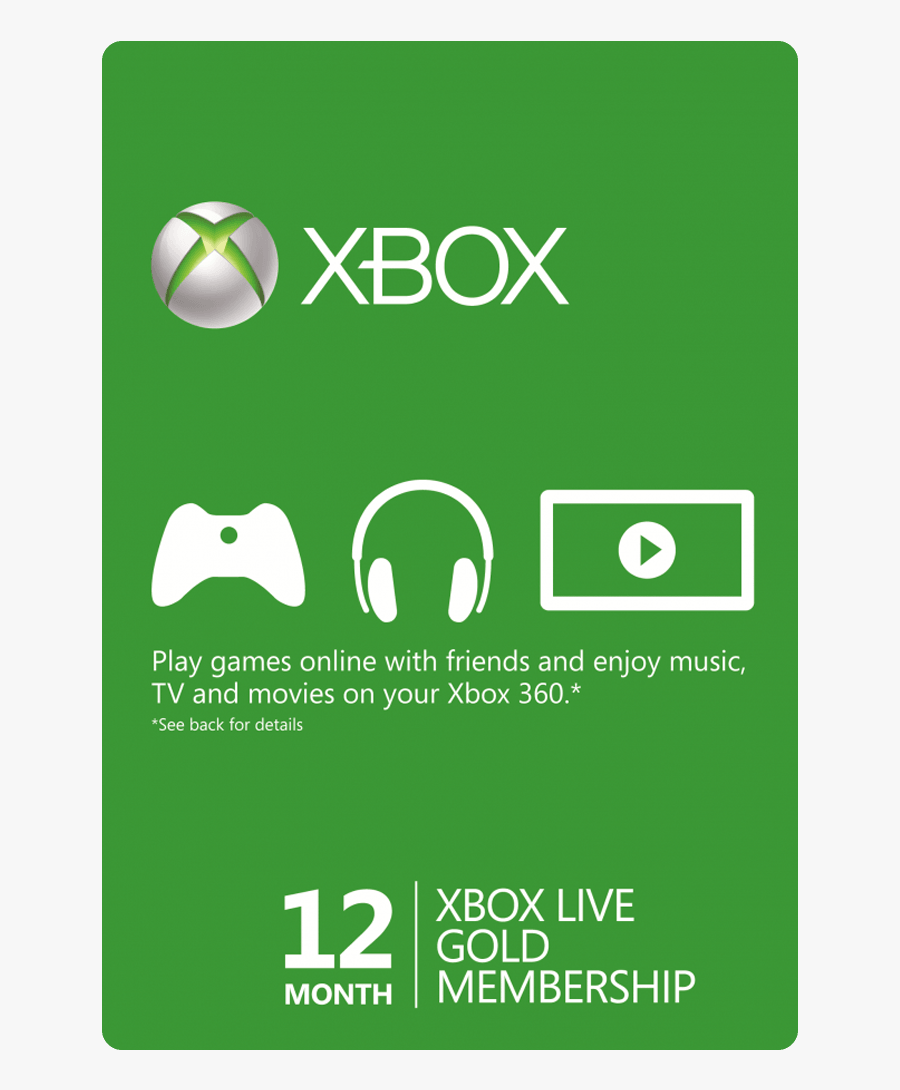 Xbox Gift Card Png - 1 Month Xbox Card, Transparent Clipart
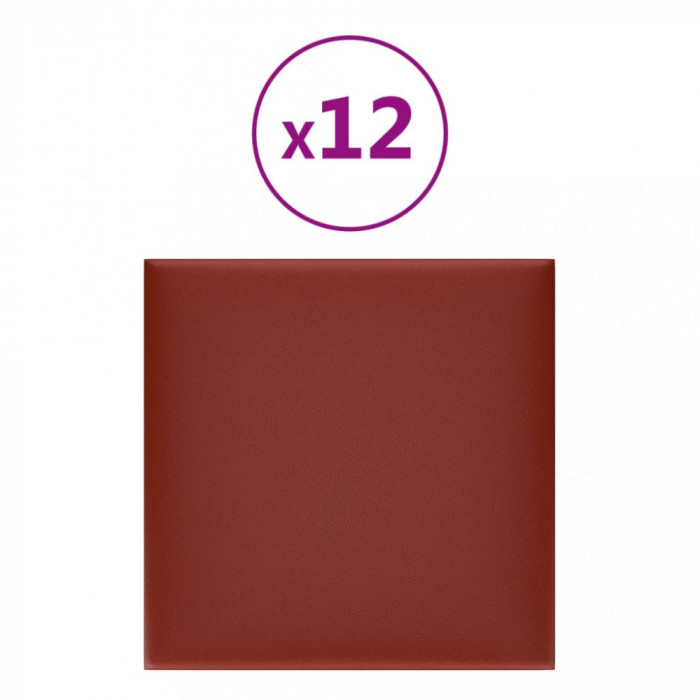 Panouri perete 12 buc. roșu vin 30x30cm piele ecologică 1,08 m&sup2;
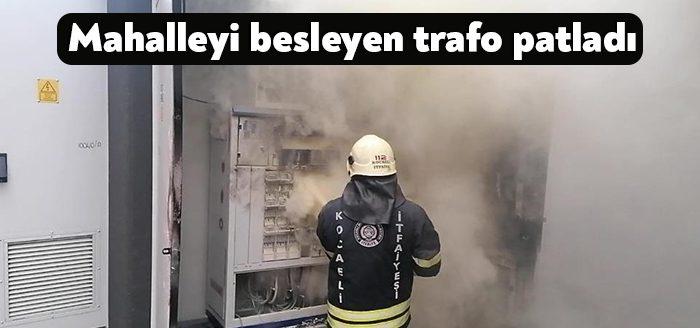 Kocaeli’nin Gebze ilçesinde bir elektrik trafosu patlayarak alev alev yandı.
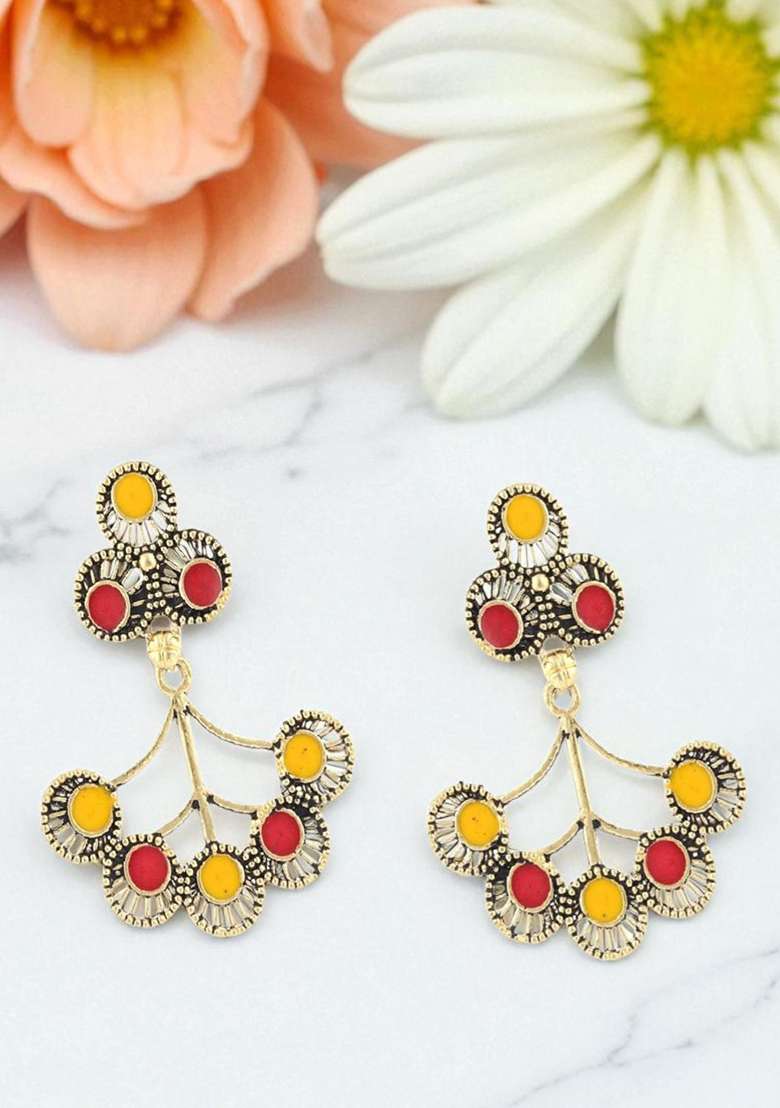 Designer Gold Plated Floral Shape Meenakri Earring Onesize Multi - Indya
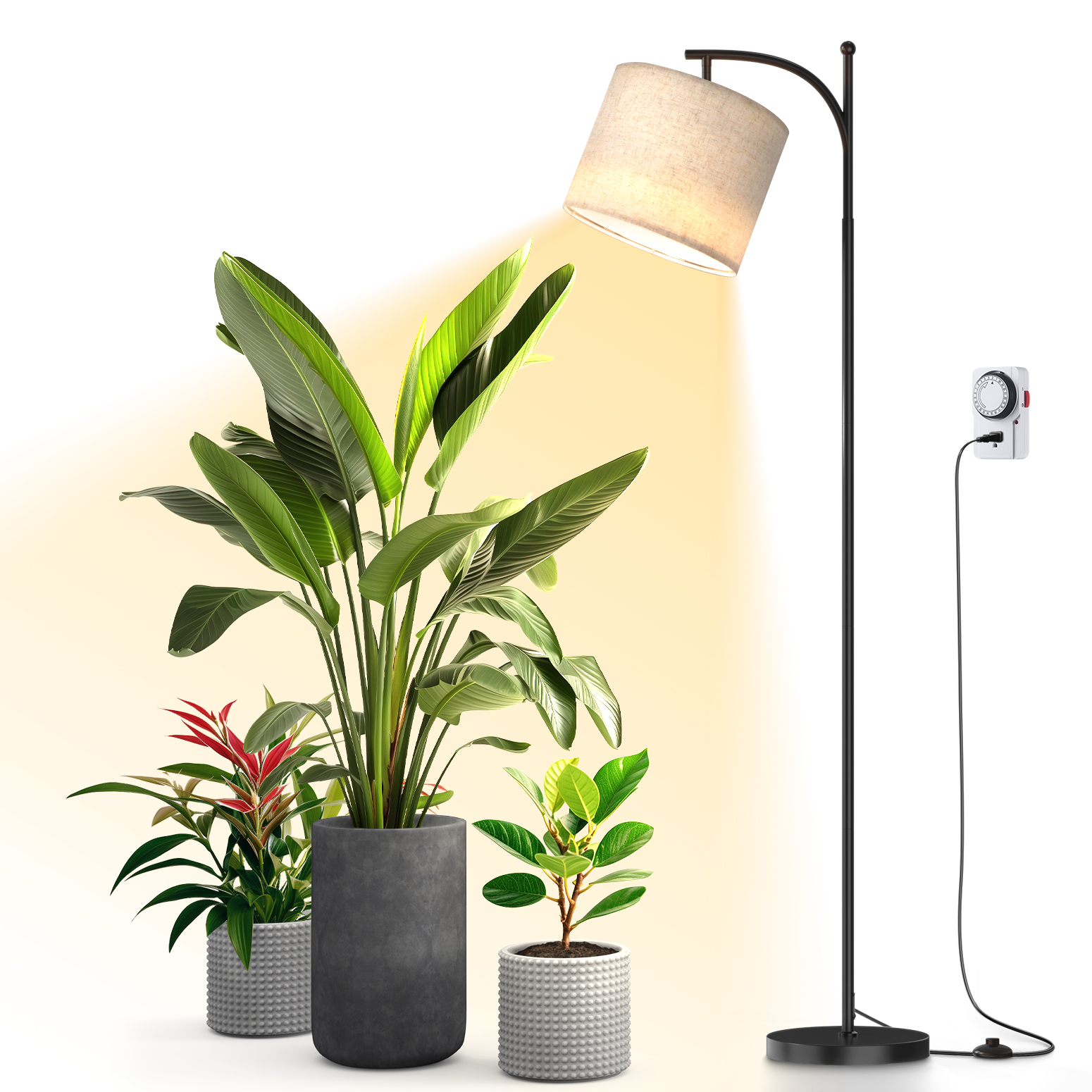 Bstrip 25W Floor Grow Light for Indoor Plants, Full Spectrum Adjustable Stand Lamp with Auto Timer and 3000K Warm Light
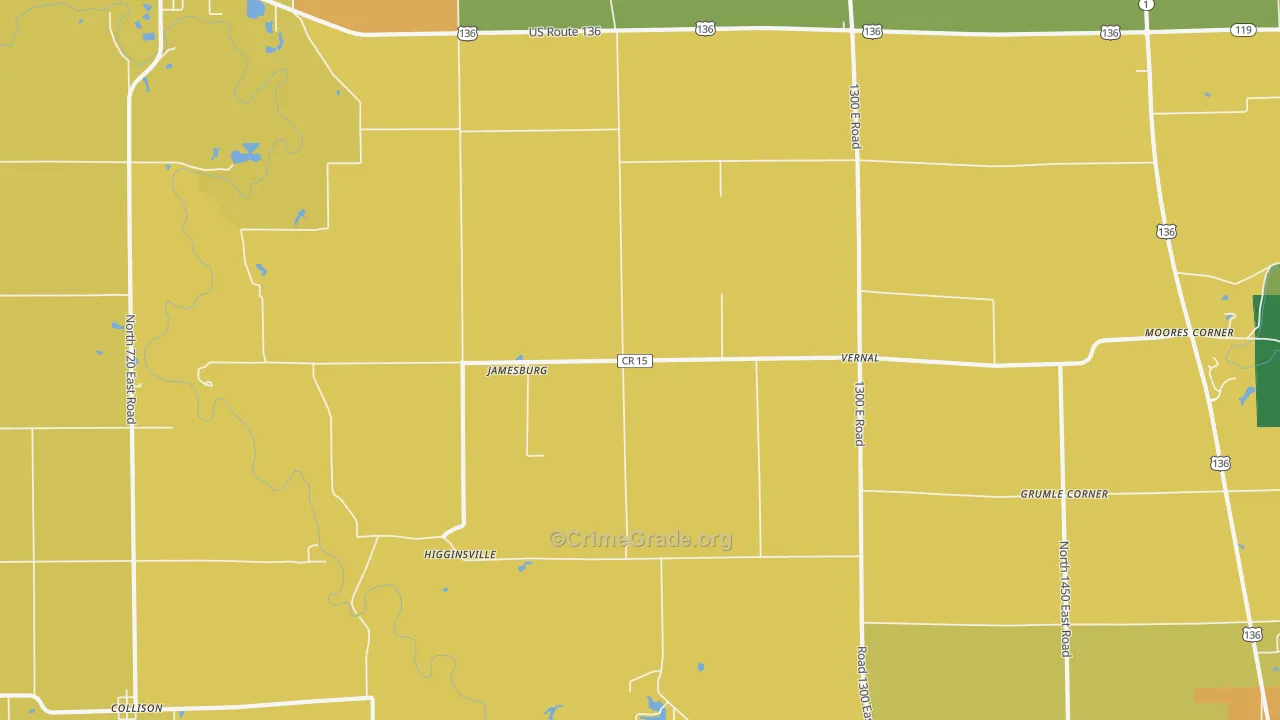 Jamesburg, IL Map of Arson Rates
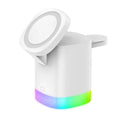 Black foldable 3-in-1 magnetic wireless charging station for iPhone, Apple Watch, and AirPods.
--*--
**WHAT THIS TASK INVOLVES:** Copy exactly the lines that run from the line containing "Designer Gold Plated" to the end of the data above, keeping both end lines and leaving out all pictures.

**ANSWER TO THE EXERCISE:**
 Designer Gold Plated Floral Shape Meenakri Earring Onesize Multi - Indya
 Bstrip 25W Floor Grow Light for Indoor Plants, Full Spectrum Adjustable Stand Lamp with Auto Timer and 3000K Warm Light
 Jamesburg, IL Map of Arson Rates
 Black foldable 3-in-1 magnetic wireless charging station for iPhone, Apple Watch, and AirPods.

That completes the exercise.